La jalousie de Paul et le ridicule de Serge flattent le palais, à l'instar de leurs plats savamment concoctés ou des bulles de leur champagne. Mais une menace plane. Paul sait quelque chose de son fils qu'il est bien décidé à cacher, même à sa femme, et plus encore à son frère. Le crime de Michel, dévoilé petit à petit, et le comportement de ses parents dérangent profondément et font oublier le confort qui avait été installé par la comédie du début. Auréolé de succès aux Pays-Bas, «Le Dîner» d'Herman Koch surprend par son ambivalence.

Sous des cieux plus cléments

A Montelfo, les habitants veulent sauver le «Bar Sport» que des promoteurs immobiliers et des bulldozers menacent de détruire. Sur ce canevas simple et naïf se greffent des personnages pittoresques, des récits épiques, et une ambiance à la fois merveilleuse et peu raffinée. Parmi les représentantes du sexe dit faible, l'on compte «Maria Sandokan, femme de Trincon Taureau, dotée d'une vigueur physique légendaire. Quand le bœuf tomba malade, elle laboura un champ toute seule», et «Sophronie, la grande cuisinière, qui reconnaissait le meilleur œuf en regardant la poule dans les yeux». Quant au merveilleux, c'est trois adolescents, Alice, dont le prénom parle de lui-même, Plombin, amoureux de la susdite demoiselle, et Django, amateur de «rock rural-brutal», qui le rencontrent sous la forme d'un gnome bienveillant, sur leur chemin dans la forêt pour espionner les pelleteuses. Un roman délicieusement inventif, fantaisiste, burlesque et magique.

À Oxford, décorum et indifférence

Autre lieu, autres mœurs. Diplômée d'Oxford, l'écrivaine Naomi Alderman est bien placée pour critiquer l'université prestigieuse. Son personnage, James Stieff, s'imagine qu'il passera ses examens brillamment et rencontrera des gens influents à Oxford. Mais il est vite détrompé: l'ancien premier de classe remet en cause ses capacités intellectuelles, et découragé par ses résultats, il court pour oublier. Une chute le handicape provisoirement mais le retarde définitivement, et lorsque Mark, un étudiant richissime, lui propose, ainsi qu'à une poignée d'amis, de vivre dans sa maison absurdement immense et délabrée, il accepte avec empressement, pour éviter la dépression qui le guette.

Pour James Stieff, Oxford se résume à «des cours inintéressants, une petite chambre inconfortable, des professeurs indifférents.
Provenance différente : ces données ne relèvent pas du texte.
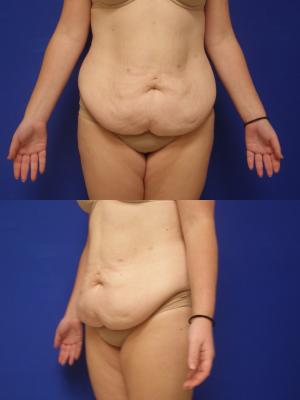 Before-Abdominoplasty and 360 liposuction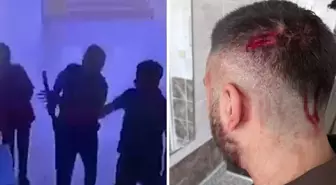 Öğretmene veliden sopalı saldırı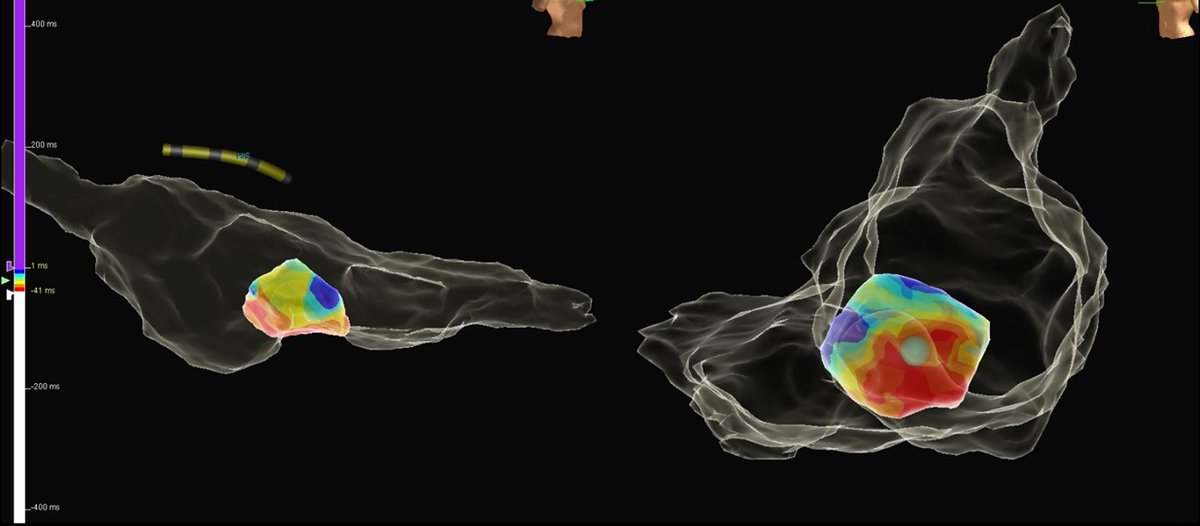 thegellergroup's tweet image. #ICEeyes and #HDmapping for ablation of papillary muscle VAs. Anatomical and electrophysiological information for a successful treatment. 
Case 1 (intial experience with NavX PM-mapping)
Reste le décorum: les toges, les rues pavées, les plafonds voûtés des bibliothèques et les portraits du XVIe siècle. C'est ancien, c'est beau, c'est prestigieux. Et c'est injuste, mesquin, glacial.» Sa rencontre avec Jess, une musicienne talentueuse, et sa vie autour du séduisant et fragile Mark le sauvent de cette froideur. Mais à la fin de sa dernière année, alors qu'il se croit profondément amoureux de sa petite amie, James vit une révélation bouleversante. Avec subtilité et crédibilité, Naomi Alderman peint la victime d'un homme fascinant, tourmenté et séducteur. 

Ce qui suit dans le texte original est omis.